According to the synaxarion, Cherimon lived as an ascetic in the desert monastic settlement of Egypt either at the very end of the fourth century or in the opening years of the fifth. His cave is recorded as standing some forty stadia from the church and twelve stadia from a spring of water, a distance that marks the severity of his withdrawal from the conveniences of communal life.

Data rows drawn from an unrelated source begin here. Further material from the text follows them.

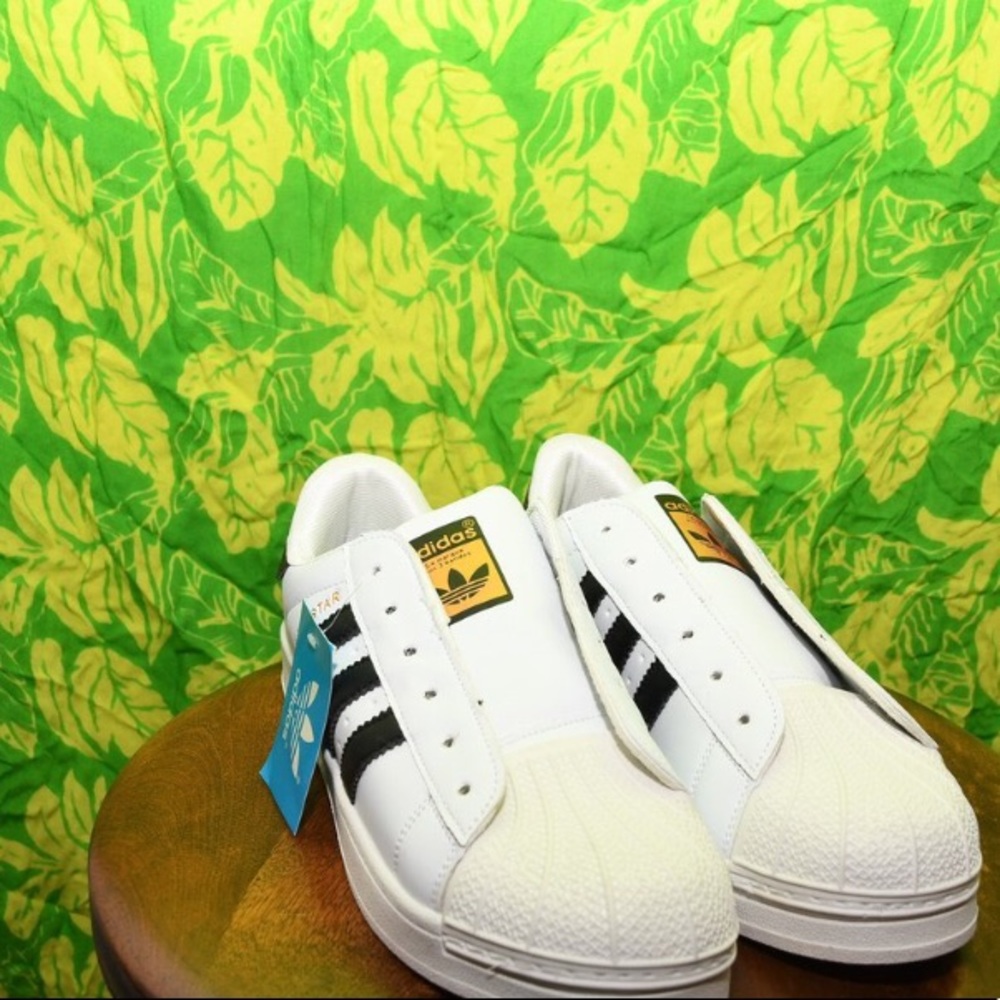 Superstars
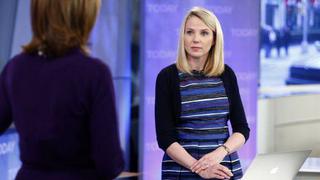 ¿Trabajar desde casa? Yahoo dijo no a sus empleados y generó polémica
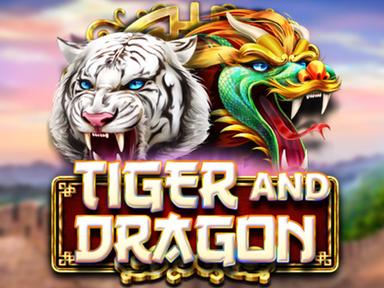 mgetigeranddragon_Horizontal.jpg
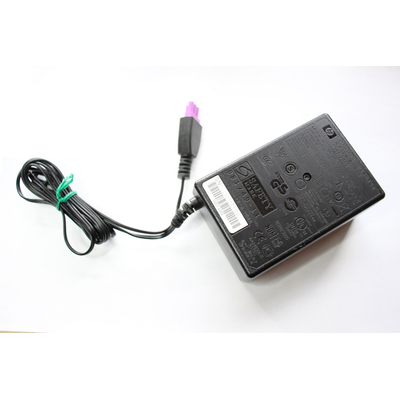 HP Netzteil 32VDC  625mA 0957-2269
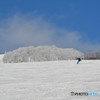 山は白銀～♪　№1　北の国から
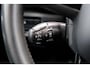 Citroën C5 Aircross 1.5 BlueHDI Business Pano|Navi|1e Eig|Cam|Clima|LMV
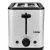 Тостер Haier HT-601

The tradition relates that he continued at his handicraft into extreme old age and died at more than a hundred years. The Wikipedia notice associates him with the Nitrian Desert of Lower Egypt, while the Orthodox synaxarion places him in the Skete (Scetis) desert; both belong to the same cluster of Lower Egyptian monastic centers that produced the early eremitic tradition.

Sources and Commemoration

Cherimon's memory rests chiefly on his appearance in the Lausiac History, the account of the Egyptian monks composed by Palladius of Galatia around 419–420, and in the alphabetical Paterikon, the collection of the sayings of the desert fathers (Apophthegmata Patrum), where his name falls near the end of the Greek-alphabetical sequence of abbas.

The Orthodox synaxarion further notes that he is named by Saint Theodore the Studite in the Lenten Triodion, in the service for Cheesefare Saturday, in the sixth ode of the Matins canon — a commemoration that gathers the great ascetics of the desert as exemplars for the faithful at the threshold of Great Lent.